Use ∆x=v∆t. On the first part of the trip, it took ∆t=∆x/v =20/40=1/2 h. On the 2nd part, it took
30 min = ½ hr. So total distance ∆x=20mi+1mi =21mi. Total time = 1/2h+1/2h = 1h. So the
average speed is vavg=∆x/∆t=21mi/h.
4. Name 2 of the 4 motions of the earth identified by Copernicus.
4 motions were: revolution, rotation, precession of the equinoxes and the weird rotationof the
earth’s axis in order to keep the axis pointing always in essentially the same direction during one
revolution.
5. Explain why, according to current understanding, the lengths of the seasons (time between
equinox and solstice) are not quite equal.

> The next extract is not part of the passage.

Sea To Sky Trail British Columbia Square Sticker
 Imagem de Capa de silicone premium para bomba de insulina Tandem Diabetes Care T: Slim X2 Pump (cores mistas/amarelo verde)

The seasons would all be equal if the Earth’s orbit were circular. Because (as Kepler showed),
the orbit is elliptical with the Sun at one focus, the Earth spends (northern hemisphere) winter
closer to the sun, during which it is moving faster, so season is shorter than summer, when it is
far away and moving more slowly.
6. How long does it take the sun to complete one trip through the zodiac?
1 year. See homework 2.
7. Acceleration. If a rocket initially at rest accelerates at a constant rate of 50 m/s2 for one
minute, what is its final speed, in m/s? Show your work.
∆v=a∆t = (50 m/s2)(60 s) = 3000 m/s.
8. Centripetal acceleration. Assume Mercury has a circular orbit around the sun, with radius
37 million miles. It takes 3 months for Mercury to complete one orbit. What is its centripetal
acceleration? Show your work.
We need the speed around the orbit, which is the distance traveled in one revolution divided by
the time for 1 revolution. The circumference of the circular orbit is
v = (2πR/T) = 232 million miles/3 months =77 million miles/month
Centripetal a = v2/R = (77 million miles/month)2/37 million miles = 160 million miles/month2,
Which works out to about 0.04 m/s2.
Part III. (30 pts) Essay. Choose either A or B (Do not do both). Write in blue book.
A. Summarize what Aristotle had to say about the motion of objects, how his medieval
followers adjusted Aristotle's ideas, and how Galileo's explanation of motion differed
from both Aristotle and his medieval followers.
B.
In what ways was Copernicus the last of the ancient astronomers and in what ways was
he the first of the moderns? Which, in your view, is the stronger case?